YOUR ASSIGNMENT |
Take the lines from the one with "An Italian Walnut Extension Refectory Table" through the last line of the material below and write them out exactly, without any pictures.

STORED DATA |
+++++
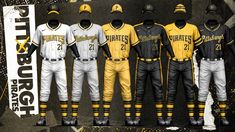 a group of baseball players standing next to each other wearing uniforms that read pirates on them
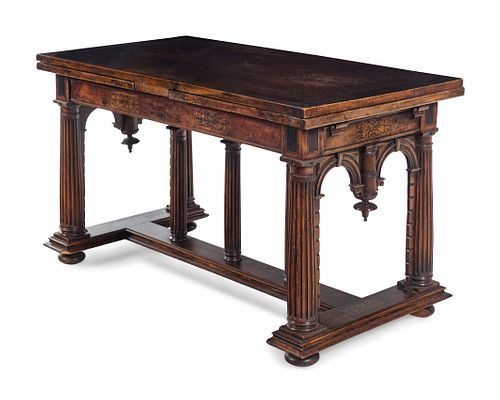 An Italian Walnut Extension Refectory Table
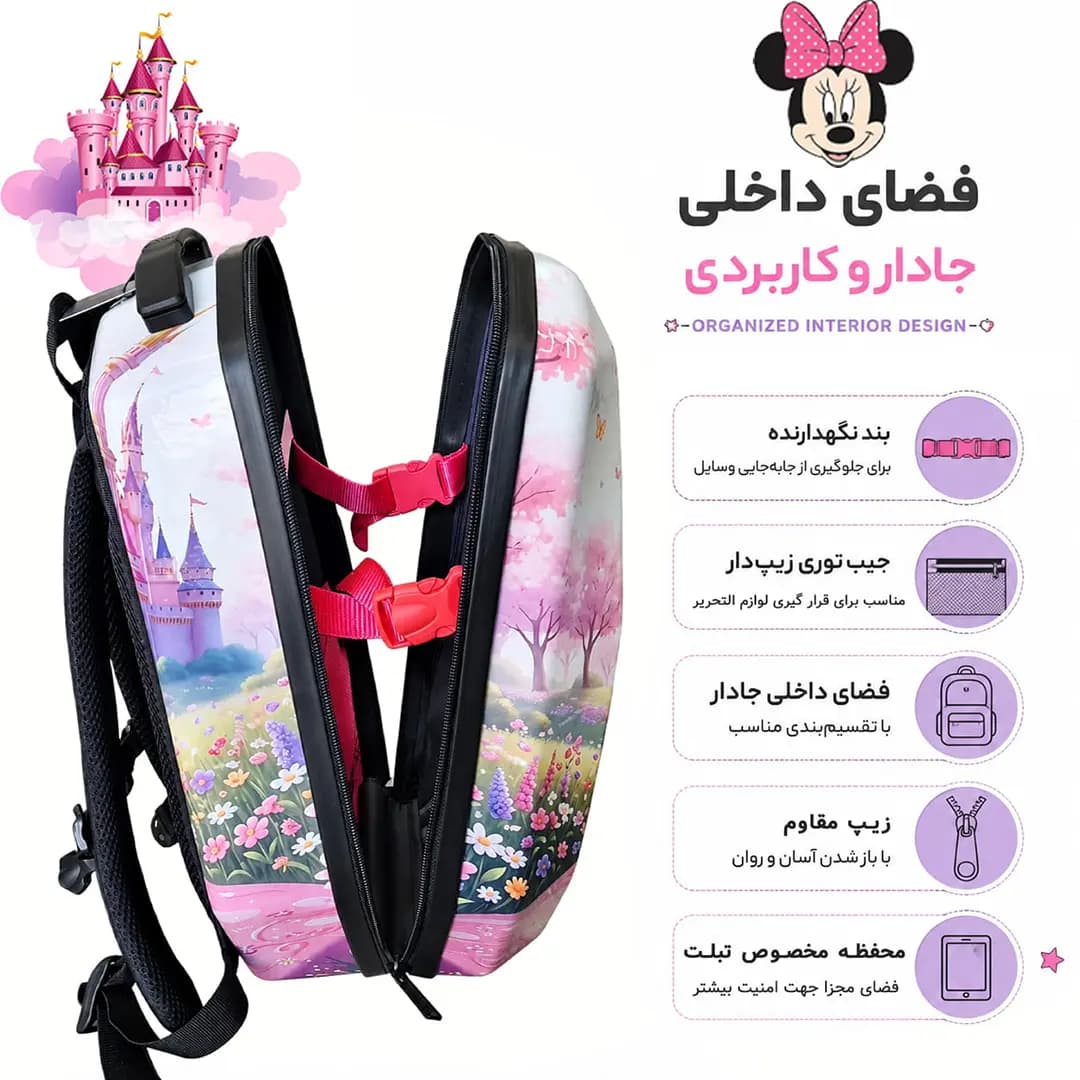 کوله پشتی مدرسه مدل MS1050 طرح MINNIE MOUSE — تصویر ۳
+++++
RESPONSE TO THIS TASK |
 An Italian Walnut Extension Refectory Table
 کوله پشتی مدرسه مدل MS1050 طرح MINNIE MOUSE — تصویر ۳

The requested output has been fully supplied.